Détection du peroxyde d'hydrogène 4/5 - avec le bleu de Prusse

Ce chapitre fait partie de la série "Détection du peroxyde d'hydrogène avec le bleu de Prusse". Ce chapitre approfondit les spécificités de la détection du peroxyde d'hydrogène à l'aide du bleu de Prusse.

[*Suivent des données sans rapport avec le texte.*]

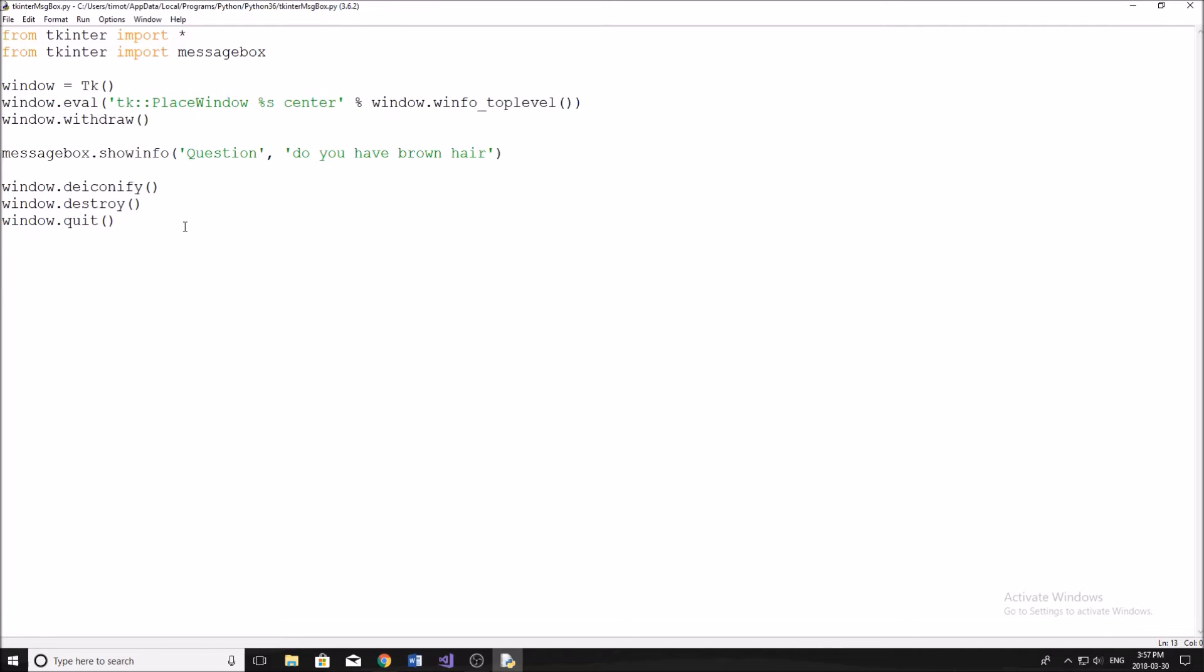But for now, it's a little sneak peek on some of the things you can do using the Tkinter module. Now this video is going to go over how to create a message box in Tkinter in Python. Although this can be used in Pygame as well.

Détection du peroxyde d'hydrogène

La détection électrochimique du peroxyde d'hydrogène est intéressante pour la construction de biocapteurs utilisant des oxydases. Le principal problème en ce qui concerne la détection est que l'oxydation du peroxyde d'hydrogène a lieu à des potentiels supérieurs à 0,6 V par rapport à Ag/AgCl. À des potentiels aussi élevés, de nombreuses autres espèces souvent présentes dans les échantillons réels peuvent également interférer. Ces espèces peuvent être l'ascorbate (vitamine C), la bilirubine et l'urate.

Des idées ont été développées pour exclure ces espèces des électrodes au moyen d'une membrane. Cette membrane rendrait tous les processus de transport depuis et vers l'électrode plus difficiles. Plus tard, des médiateurs ont été mis au point pour transporter les électrons de l'enzyme à l'électrode et la détection du peroxyde d'hydrogène est devenue obsolète pour certaines électrodes à base d'oxydase.

Comme indiqué précédemment (voir le chapitre Pourquoi détecter le peroxyde d'hydrogène ?), le peroxyde d'hydrogène est produit par des enzymes, mais il est dangereux pour les cellules. Les cellules utilisent des peroxydases pour éliminer le peroxyde d'hydrogène. La peroxydase de raifort est populaire pour les applications électrochimiques, car il est possible pour l'électrode de communiquer directement avec le centre actif de l'enzyme. La peroxydase peut donc être utilisée pour la détection du peroxyde d'hydrogène, mais le coût élevé de cette enzyme, sa faible stabilité et la difficulté de la lier aux électrodes ont rendu intéressante la recherche d'alternatives inorganiques.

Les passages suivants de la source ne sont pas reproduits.